Mentirosos compulsivos

Cuando estudiaba en la universidad, compartí residencia una temporada con una mentirosa compulsiva. Sus historias siempre tenían que ver con los afortunados golpes de suerte que vivía su familia: lo mismo ganaban el Gordo en el sorteo de Navidad, que un cliente satisfecho les regalaba un Ferrari. También había fiestas en yates y viajes fastuosos, mientras ella –mi compañera– iba sacando una ingeniería con muy buenas notas.


Lo malo es que en la residencia había otra chica de su mismo pueblo, y así no había manera de que sus mentiras colasen. No había premio de lotería, ni yates, ni ferraris y ni siquiera estaba estudiando una carrera de Ciencias: lo suyo era una diplomatura de las facilitas.


Sus mentiras no hacían daño a nadie. Solo le servían para construirse un mundo ideal, una ficción en la que su vida era mucho mejor que la realidad. Por eso, la dejábamos seguir con ellas y nos sonreíamos con cada nueva invención, viendo cómo a veces las historias eran tantas y tan elaboradas que ella misma las olvidaba y las cambiaba sobre la marcha.

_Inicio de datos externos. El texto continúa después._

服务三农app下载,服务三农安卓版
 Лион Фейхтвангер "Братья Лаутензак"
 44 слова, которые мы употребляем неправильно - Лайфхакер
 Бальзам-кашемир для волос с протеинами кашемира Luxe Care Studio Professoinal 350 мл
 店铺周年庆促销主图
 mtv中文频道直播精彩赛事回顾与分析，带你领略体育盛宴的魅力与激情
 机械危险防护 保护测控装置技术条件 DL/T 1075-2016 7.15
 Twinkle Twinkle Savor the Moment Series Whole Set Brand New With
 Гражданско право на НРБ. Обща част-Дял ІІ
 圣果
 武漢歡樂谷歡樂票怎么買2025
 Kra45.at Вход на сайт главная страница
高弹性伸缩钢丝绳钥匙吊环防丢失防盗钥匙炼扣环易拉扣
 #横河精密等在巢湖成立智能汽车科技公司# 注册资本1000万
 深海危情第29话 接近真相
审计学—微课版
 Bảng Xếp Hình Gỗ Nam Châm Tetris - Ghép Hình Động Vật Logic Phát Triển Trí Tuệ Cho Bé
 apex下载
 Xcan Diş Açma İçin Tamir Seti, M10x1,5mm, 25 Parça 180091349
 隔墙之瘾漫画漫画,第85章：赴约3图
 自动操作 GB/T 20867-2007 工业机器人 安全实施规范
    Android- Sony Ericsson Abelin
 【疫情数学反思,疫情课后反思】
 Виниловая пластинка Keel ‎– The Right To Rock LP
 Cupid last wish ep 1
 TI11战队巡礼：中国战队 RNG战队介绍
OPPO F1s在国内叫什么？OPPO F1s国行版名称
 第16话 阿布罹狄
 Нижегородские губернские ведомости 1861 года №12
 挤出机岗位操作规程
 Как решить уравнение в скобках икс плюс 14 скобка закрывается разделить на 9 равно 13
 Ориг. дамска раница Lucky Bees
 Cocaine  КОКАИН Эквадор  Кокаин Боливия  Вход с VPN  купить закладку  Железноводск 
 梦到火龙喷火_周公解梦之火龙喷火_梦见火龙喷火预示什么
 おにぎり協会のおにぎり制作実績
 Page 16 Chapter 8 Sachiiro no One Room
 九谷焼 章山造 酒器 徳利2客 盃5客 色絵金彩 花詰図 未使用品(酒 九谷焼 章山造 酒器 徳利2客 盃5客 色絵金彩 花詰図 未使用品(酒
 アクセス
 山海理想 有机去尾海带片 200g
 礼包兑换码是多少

El padre de Nadia, según cuentan los que le conocen, también responde al perfil de un mentiroso compulsivo. Solo que él utilizó sus embustes para estafar y conseguir dinero. Y en su demencial carrera en busca de más ganancias, descubrió que el mejor gancho era una niña enferma, capaz de enternecer a los corazones más generosos.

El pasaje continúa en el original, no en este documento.